Idontknowwhattoputhere said:


> Its not for the end user


I highly doubt this early port of Windows 10 for the Switch is for the end user either.


----------



## Kioku_Dreams (Mar 3, 2019)

The Real Jdbye said:


> Well, you can run .NET apps on ARM, so you can actually do quite a lot on Windows ARM, as long as they don't need any native libraries (or said native libraries are open source so you can recompile them)
> It's not at all comparable to full blown PC Windows though. And the touchscreen experience on Windows is still not great, you really need a keyboard at minimum if you want to use it seriously. And obviously you can forget about running games, but it may be good for some things, you could probably run full fat Office on it, and use it for web browsing and video watching, but I think almost anything you can do on Windows ARM could be done better on Android which is more tailored to touchscreen devices.


Office is the only positive out of this. Most ARM based Windows emulators aren't that great. So I can't see this benefiting anyone that isn't in it to say "cuz I can"
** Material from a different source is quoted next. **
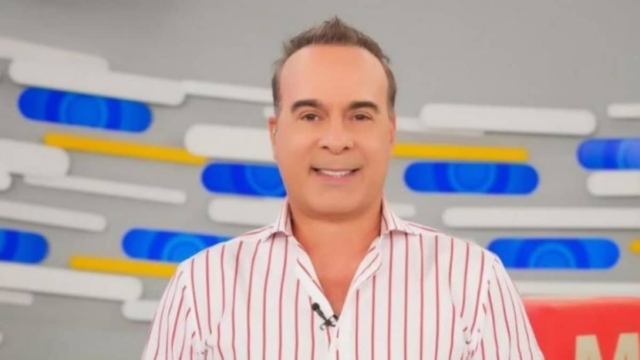 Σε πελάγη ευτυχίας ο Φώτης Σεργουλόπουλος – Παντρεύτηκε τον σύντροφό του μετά από χρόνια σχέσης (video)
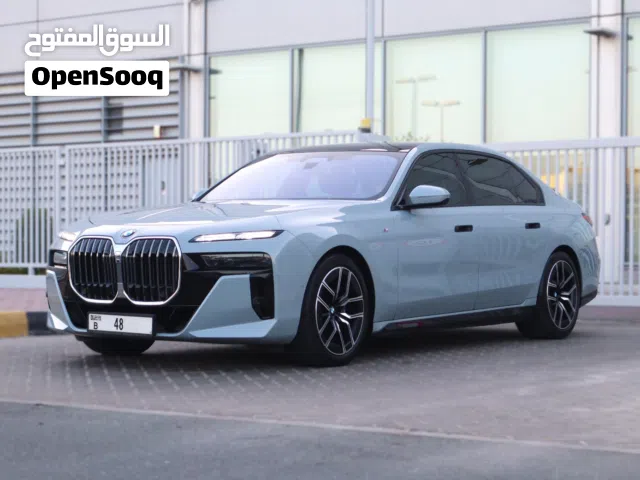 BMW 735i 2024 Gcc original paint Accident free 27000 km only  خليجي صبغ الوكاله بالكامل تحت الضمان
--------------------- MERGED ---------------------------



Idaho said:


> -snip-


If only it were. That'd be great. Give me one objective reason this will prove useful to any end user.

--------------------- MERGED ---------------------------



bobdamnit said:


> It's not utterly useless at all. It's way beyond.
> 
> I have ran Windows 10 on my Pi 3. It took well over 10 minutes to boot up to the desktop and a full five more minutes to become usable. It took exactly 3 minutes and 47 seconds to open the Edge browser. Yes, I timed it. Typing is a chore because of the lag between button presses and the time it took to display those presses on screen.
> 
> ...


I can see that happening. Of course if it becomes a properly optimized project, it would be fun to mess with. I'd rather see the Android project take off.


----------



## the_randomizer (Mar 3, 2019)

bobdamnit said:


> It's not utterly useless at all. It's way beyond.
> 
> I have ran Windows 10 on my Pi 3. It took well over 10 minutes to boot up to the desktop and a full five more minutes to become usable. It took exactly 3 minutes and 47 seconds to open the Edge browser. Yes, I timed it. Typing is a chore because of the lag between button presses and the time it took to display those presses on screen.
> 
> ...


People are so obsessed with Pi 3, the Atomic Pi is so much better, and would be better if it was more popular. Windows ARM just seems, wrong.


----------



## BlueFox gui (Mar 3, 2019)

switch is for games son
i already have windows on PC
stop
please


----------



## Deleted-351540 (Mar 3, 2019)

the_randomizer said:


> People are so obsessed with Pi 3, the Atomic Pi is so much better, and would be better if it was more popular. Windows ARM just seems, wrong.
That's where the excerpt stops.